On 9/28/22 09:23, Sagi Grimberg wrote:
> When we delete a controller, we execute the following:
> 1. nvme_stop_ctrl() - stop some work elements that may be
> 	inflight or scheduled (specifically also .stop_ctrl
> 	which cancels ctrl error recovery work)
> 2. nvme_remove_namespaces() - which first flushes scan_work
> 	to avoid competing ns addition/removal
> 3. continue to teardown the controller
> 
> However, if err_work was scheduled to run in (1), it is designed to
> cancel any inflight I/O, particularly I/O that is originating from ns
> scan_work in (2), but because it is cancelled in .stop_ctrl(), we can
> prevent forward progress of (2) as ns scanning is blocking on I/O
> (that will never be cancelled).
> 
> The race is:
> 1. transport layer error observed -> err_work is scheduled
> 2. scan_work executes, discovers ns, generate I/O to it
> 3. nvme_ctop_ctrl() -> .stop_ctrl() -> cancel_work_sync(err_work)
>     - err_work never executed
> 4. nvme_remove_namespaces() -> flush_work(scan_work)
> --> deadlock, because scan_work is blocked on I/O that was supposed
> to be cancelled by err_work, but was cancelled before executing (see
> stack trace [1]).
> 
> Fix this by flushing err_work instead of cancelling it, to force it
> to execute and cancel all inflight I/O.
> 
> [1]:
> --
> Call Trace:
>   <TASK>
>   __schedule+0x390/0x910
>   ? scan_shadow_nodes+0x40/0x40
>   schedule+0x55/0xe0
>   io_schedule+0x16/0x40
>   do_read_cache_page+0x55d/0x850
>   ? __page_cache_alloc+0x90/0x90
>   read_cache_page+0x12/0x20
>   read_part_sector+0x3f/0x110
>   amiga_partition+0x3d/0x3e0
>   ? osf_partition+0x33/0x220
>   ? put_partition+0x90/0x90
>   bdev_disk_changed+0x1fe/0x4d0
>   blkdev_get_whole+0x7b/0x90
>   blkdev_get_by_dev+0xda/0x2d0
>   device_add_disk+0x356/0x3b0
>   nvme_mpath_set_live+0x13c/0x1a0 [nvme_core]

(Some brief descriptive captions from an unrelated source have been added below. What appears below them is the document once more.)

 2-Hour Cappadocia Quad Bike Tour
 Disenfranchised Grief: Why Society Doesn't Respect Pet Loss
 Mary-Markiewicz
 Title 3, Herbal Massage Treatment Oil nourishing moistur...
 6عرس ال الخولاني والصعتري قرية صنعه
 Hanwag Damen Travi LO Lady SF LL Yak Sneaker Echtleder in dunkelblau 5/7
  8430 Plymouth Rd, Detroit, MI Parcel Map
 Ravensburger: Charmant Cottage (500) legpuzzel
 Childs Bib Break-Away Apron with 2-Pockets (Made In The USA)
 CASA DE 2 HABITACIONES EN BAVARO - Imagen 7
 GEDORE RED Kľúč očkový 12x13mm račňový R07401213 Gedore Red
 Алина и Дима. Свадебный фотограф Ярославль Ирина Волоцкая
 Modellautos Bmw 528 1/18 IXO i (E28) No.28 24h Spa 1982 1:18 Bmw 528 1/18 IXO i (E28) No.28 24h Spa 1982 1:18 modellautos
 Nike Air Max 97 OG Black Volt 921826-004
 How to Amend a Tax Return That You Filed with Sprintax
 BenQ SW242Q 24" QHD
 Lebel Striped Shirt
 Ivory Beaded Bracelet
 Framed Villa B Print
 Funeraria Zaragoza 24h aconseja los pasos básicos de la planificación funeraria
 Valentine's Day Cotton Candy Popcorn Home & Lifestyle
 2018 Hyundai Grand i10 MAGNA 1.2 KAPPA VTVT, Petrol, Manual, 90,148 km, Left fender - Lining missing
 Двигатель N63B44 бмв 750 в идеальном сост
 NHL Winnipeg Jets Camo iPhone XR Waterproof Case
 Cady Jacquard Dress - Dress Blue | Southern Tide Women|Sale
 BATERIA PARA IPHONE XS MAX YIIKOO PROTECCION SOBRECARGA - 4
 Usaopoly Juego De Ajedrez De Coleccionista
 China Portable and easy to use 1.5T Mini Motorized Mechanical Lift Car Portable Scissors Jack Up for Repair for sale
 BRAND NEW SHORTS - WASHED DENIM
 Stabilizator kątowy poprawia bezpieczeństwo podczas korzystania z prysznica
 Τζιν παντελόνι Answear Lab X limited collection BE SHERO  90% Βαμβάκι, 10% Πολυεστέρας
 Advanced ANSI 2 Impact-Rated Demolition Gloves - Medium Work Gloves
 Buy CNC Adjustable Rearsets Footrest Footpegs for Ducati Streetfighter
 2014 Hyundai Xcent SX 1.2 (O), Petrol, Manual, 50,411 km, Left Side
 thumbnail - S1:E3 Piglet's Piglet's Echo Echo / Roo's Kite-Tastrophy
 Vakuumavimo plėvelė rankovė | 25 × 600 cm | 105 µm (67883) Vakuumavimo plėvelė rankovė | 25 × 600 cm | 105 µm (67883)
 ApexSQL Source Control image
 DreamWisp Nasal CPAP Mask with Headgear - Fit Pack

>   ? nvme_parse_ana_log+0xae/0x1a0 [nvme_core]
>   nvme_update_ns_ana_state+0x3a/0x40 [nvme_core]
>   nvme_mpath_add_disk+0x120/0x160 [nvme_core]
>   nvme_alloc_ns+0x594/0xa00 [nvme_core]
>   nvme_validate_or_alloc_ns+0xb9/0x1a0 [nvme_core]
>   ? __nvme_submit_sync_cmd+0x1d2/0x210 [nvme_core]
>   nvme_scan_work+0x281/0x410 [nvme_core]
>   process_one_work+0x1be/0x380
>   worker_thread+0x37/0x3b0
>   ? process_one_work+0x380/0x380
>   kthread+0x12d/0x150
>   ? set_kthread_struct+0x50/0x50
>   ret_from_fork+0x1f/0x30
>   </TASK>
> INFO: task nvme:6725 blocked for more than 491 seconds.
>        Not tainted 5.15.65-f0.el7.x86_64 #1
> "echo 0 > /proc/sys/kernel/hung_task_timeout_secs" disables this message.
> task:nvme            state:D
>   stack:    0 pid: 6725 ppid:  1761 flags:0x00004000
> Call Trace:
>   <TASK>
>   __schedule+0x390/0x910
>   ? sched_clock+0x9/0x10
>   schedule+0x55/0xe0
>   schedule_timeout+0x24b/0x2e0
>   ? try_to_wake_up+0x358/0x510
>   ? finish_task_switch+0x88/0x2c0
>   wait_for_completion+0xa5/0x110
>   __flush_work+0x144/0x210
>   ? worker_attach_to_pool+0xc0/0xc0
>   flush_work+0x10/0x20
>   nvme_remove_namespaces+0x41/0xf0 [nvme_core]
>   nvme_do_delete_ctrl+0x47/0x66 [nvme_core]
>   nvme_sysfs_delete.cold.96+0x8/0xd [nvme_core]
>   dev_attr_store+0x14/0x30
>   sysfs_kf_write+0x38/0x50
>   kernfs_fop_write_iter+0x146/0x1d0
>   new_sync_write+0x114/0x1b0
>   ? intel_pmu_handle_irq+0xe0/0x420
>   vfs_write+0x18d/0x270
>   ksys_write+0x61/0xe0
>   __x64_sys_write+0x1a/0x20
>   do_syscall_64+0x37/0x90
>   entry_SYSCALL_64_after_hwframe+0x61/0xcb
> --
> 
> Fixes: 3f2304f8c6d6 ("nvme-tcp: add NVMe over TCP host driver")
> Reported-by: Jonathan Nicklin <jnicklin@blockbridge.com>
> Signed-off-by: Sagi Grimberg <sagi@grimberg.me>

Jonathan, can I get your Tested-by tag on this?